Molto critico anche il senatore Walter Verini, capogruppo Pd in commissione Antimafia e segretario della commissione Giustizia: «Nonostante ci sia chi - come il deputato Costa - si arrampica sugli specchi in nome di un principio fondamentale (la presunzione di innocenza, che però per l’ennesima volta viene usato strumentalmente), la sostanza è purtroppo molto chiara. Ed è che si assesta un colpo alla libertà di informazione, al diritto dei cittadini di essere informati».

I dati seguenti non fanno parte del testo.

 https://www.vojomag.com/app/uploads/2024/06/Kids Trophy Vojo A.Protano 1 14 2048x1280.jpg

Nella mattinata di ieri proprio il responsabile giustizia di Azione aveva replicato alle polemiche del giorno prima con due post su X. Il primo: «Nessun bavaglio, il contenuto degli atti sarà pubblicabile. Ma ad indagini aperte non saranno pubblicabili le ordinanze dalla A alla Z, centinaia di pagine piene di intercettazioni neanche ancora vagliate dal riesame che può annullarle. È rispetto della presunzione di innocenza». E il secondo: «A proposito della mia proposta sulla pubblicazione delle ordinanze cautelari approvata ieri in Cdm. Avs: “deriva orbaniana”. M5S: “eutanasia della democrazia”. Pd: “ceffone a libertà di stampa”. # regionali2024».

Nel pomeriggio Giuseppe Santalucia, presidente dell’Anm, a Radio Popolare, ha detto: «Parlare di bavaglio non credo sia corretto perché la norma non vieta che si dia notizia di un’ordinanza di custodia cautelare e addirittura che se ne riassumano i contenuti». Tuttavia, ha concluso il leader delle toghe, la norma «è irragionevole perché vieta la pubblicazione integrale dell’ordinanza e quindi va contro una corretta informazione perché ci si deve affidare in un campo molto tecnico ai riassunti di un giornalista che può sbagliare o essere incompleto».

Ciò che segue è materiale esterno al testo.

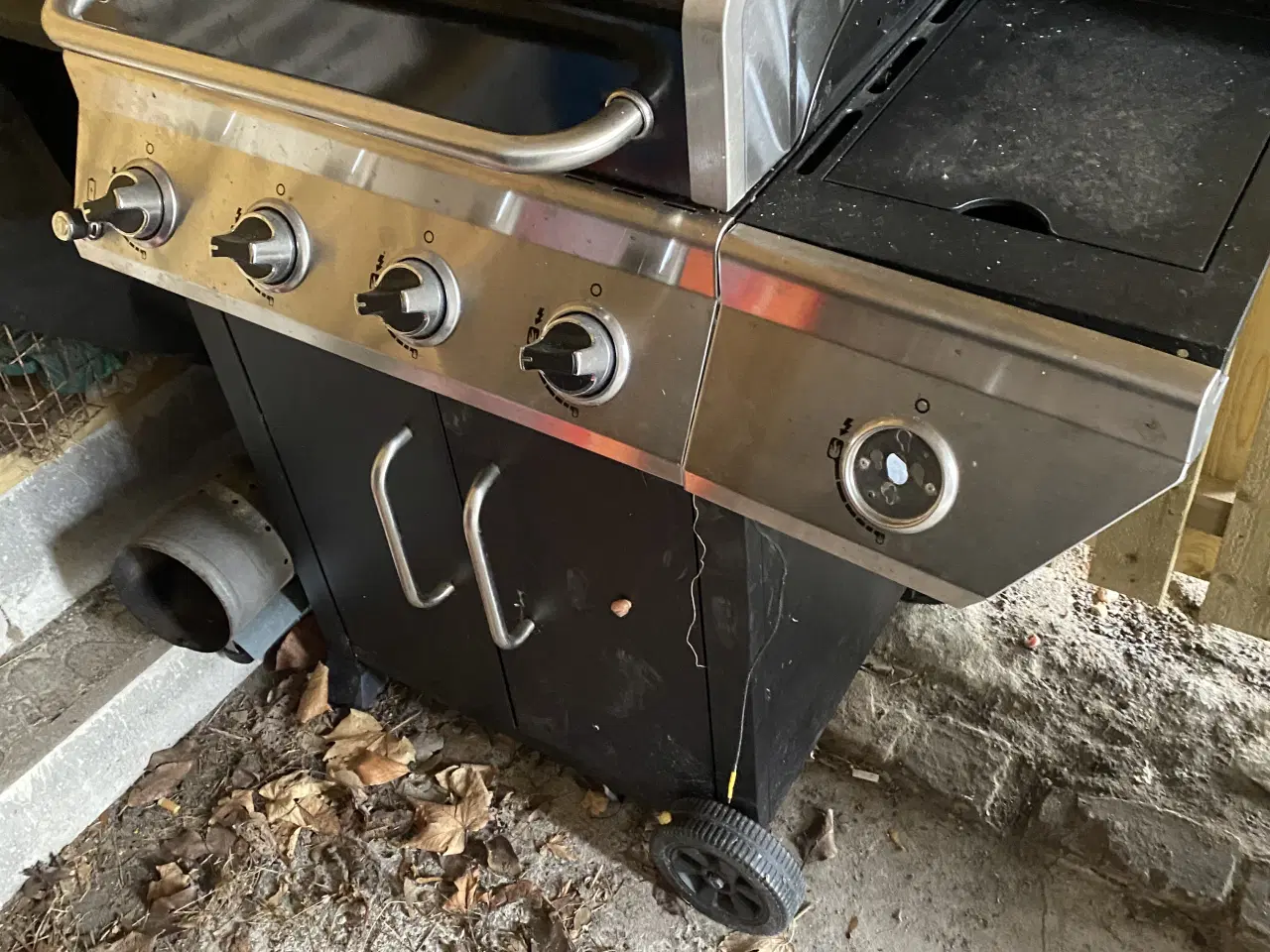 Billede 1 - Ny nexgrill på gas med kogeplade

Positivo, invece, il giudizio di Francesco Petrelli, presidente dell’Unione Camere Penali italiane, che parla di «un primo passo importante con il quale si ripristina un principio di diritto che era già presente nel nostro codice e che non incide affatto sul diritto di cronaca e di informazione, ma può al contrario certamente contribuire a limitare il fenomeno della gogna mediatica».

Per il presidente dell’Ucpi è «assurdo gridare allo scandalo perché il divieto di pubblicazione di atti giudiziari è connaturato al nostro sistema processuale ed è in vigore in maniera severa in molti altri paesi europei, in quanto funzionale sia alla tutela delle indagini che della presunzione di innocenza. Si tratta dunque di un condiviso principio di civiltà».